Input:
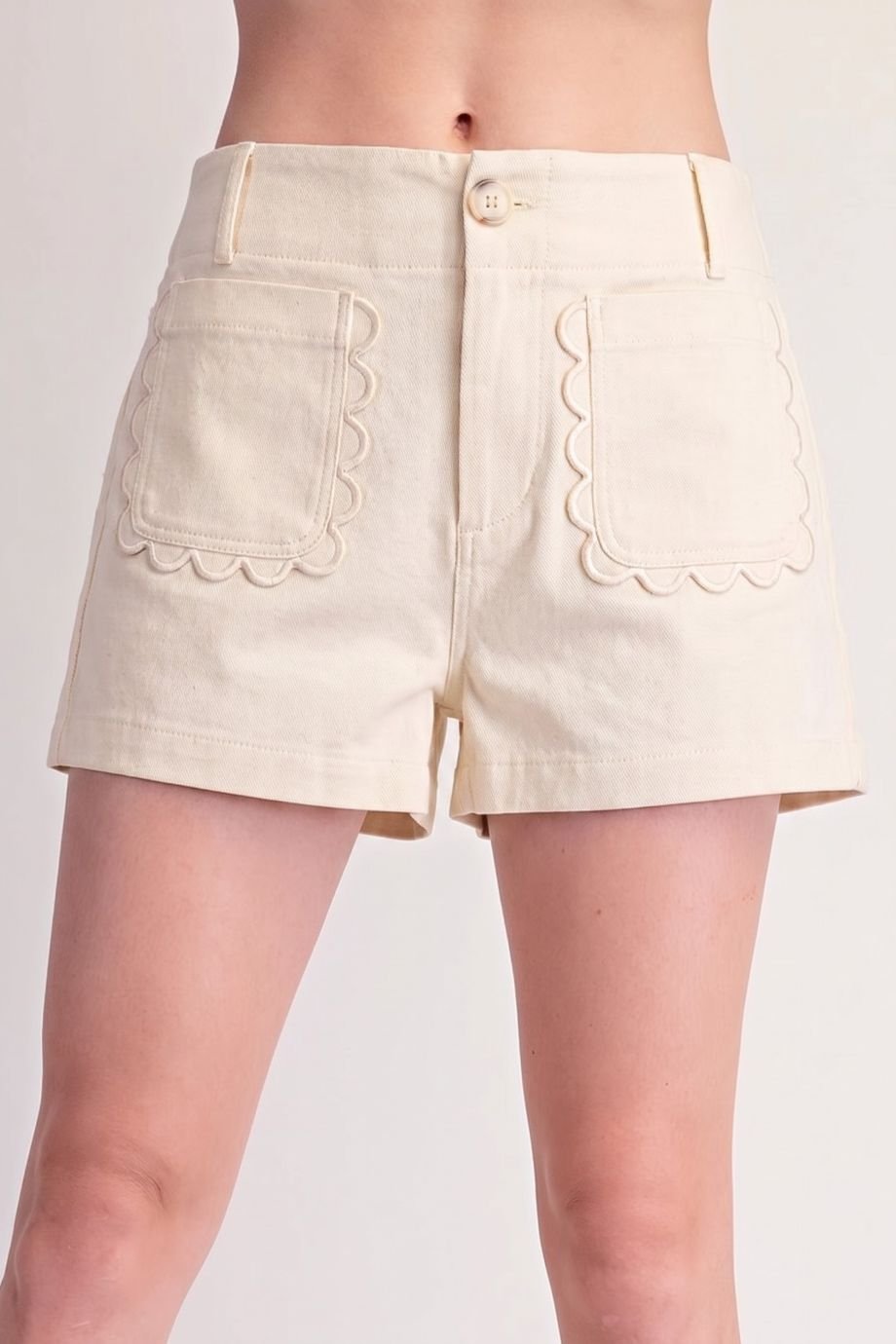 Whitney Scallop Pocket Stretch Denim Shorts Cream - Color Game - COLOR GAME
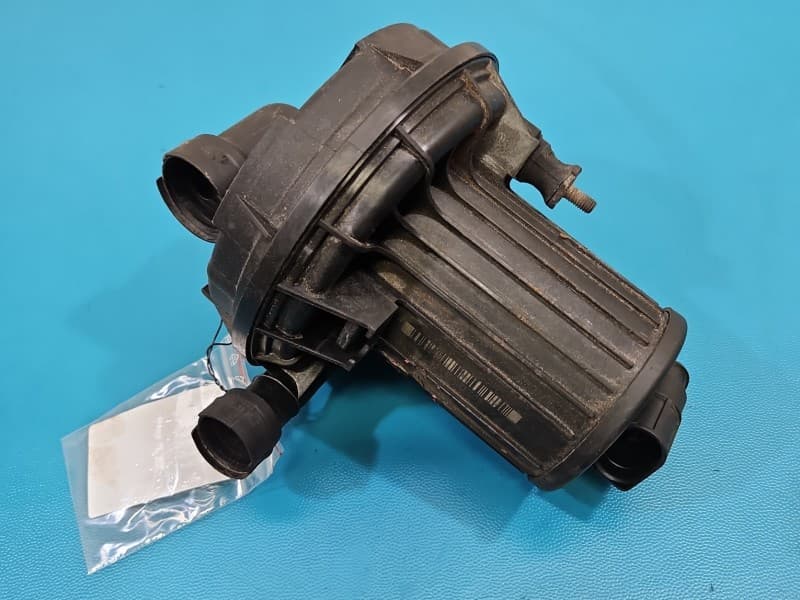 Pompka powietrza wtórnego Skoda Octavia I 1,6 8V 06A959253B 72273803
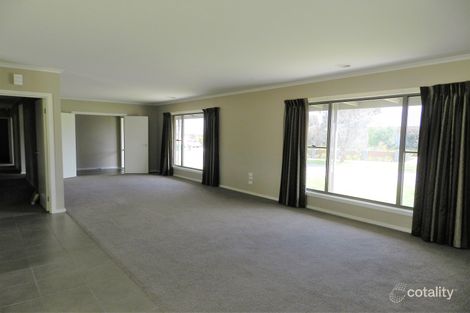 Property photo of 9 Luka Court Sebastopol VIC 3356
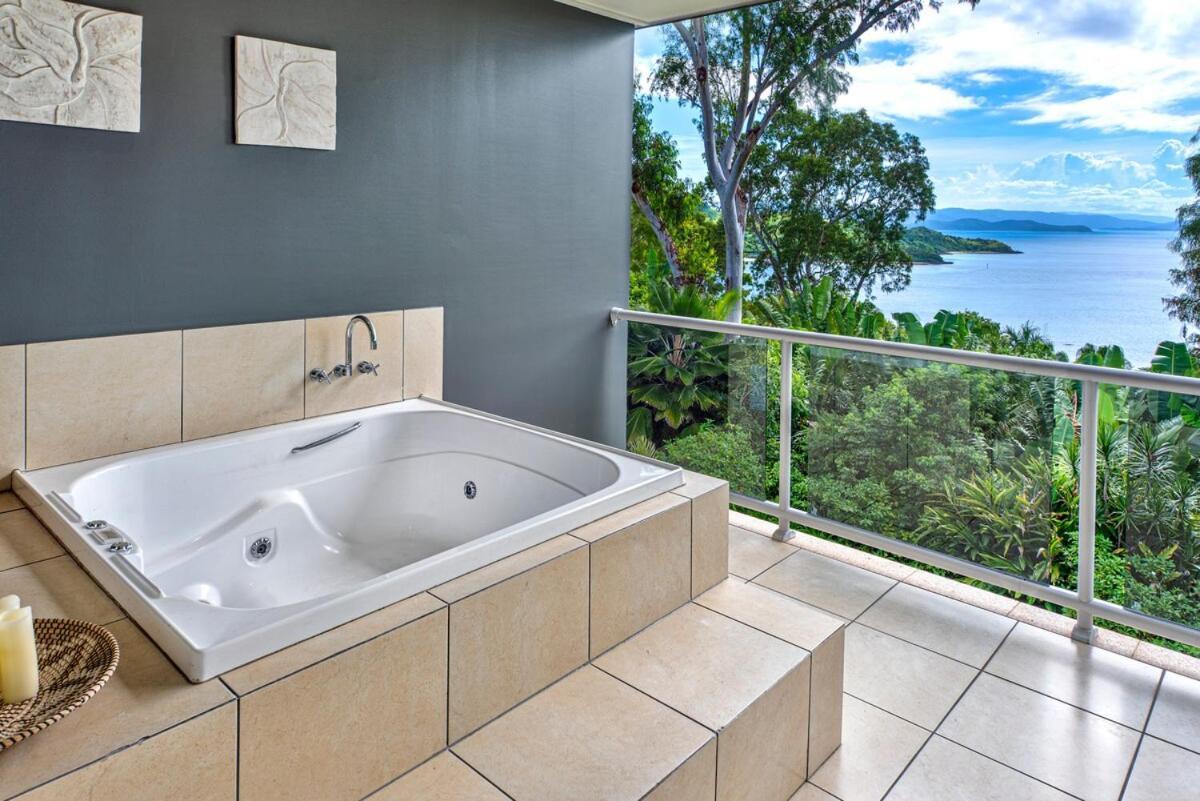 Blue Water Views 17 - Free Buggy Included! Apartment *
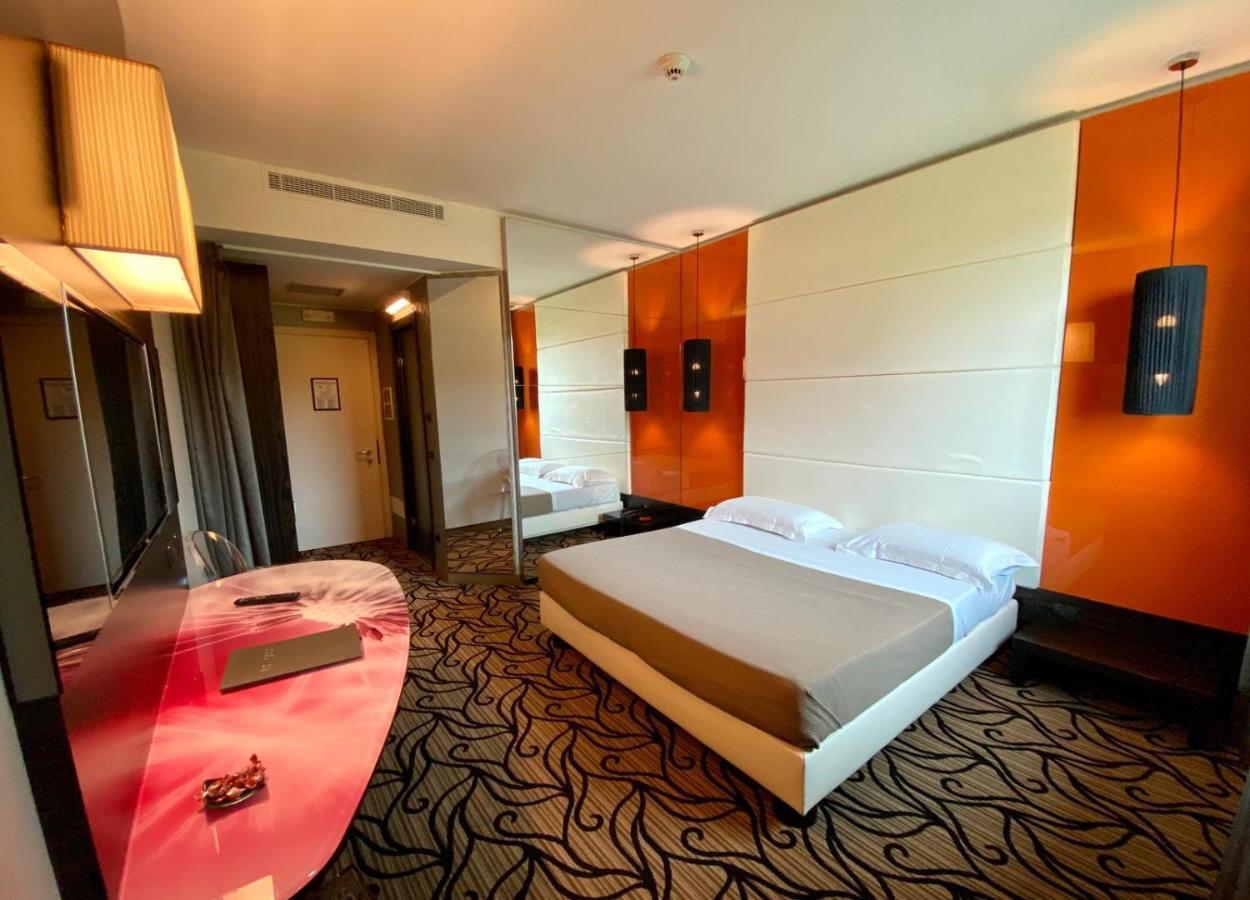 Iris Hotel Erbusco Esterno foto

The task: Write out again, word for word, only the lines from the one with "Property photo of" through the last line of the material, and omit each picture.

Result of this task:
 Property photo of 9 Luka Court Sebastopol VIC 3356
 Blue Water Views 17 - Free Buggy Included! Apartment *
 Iris Hotel Erbusco Esterno foto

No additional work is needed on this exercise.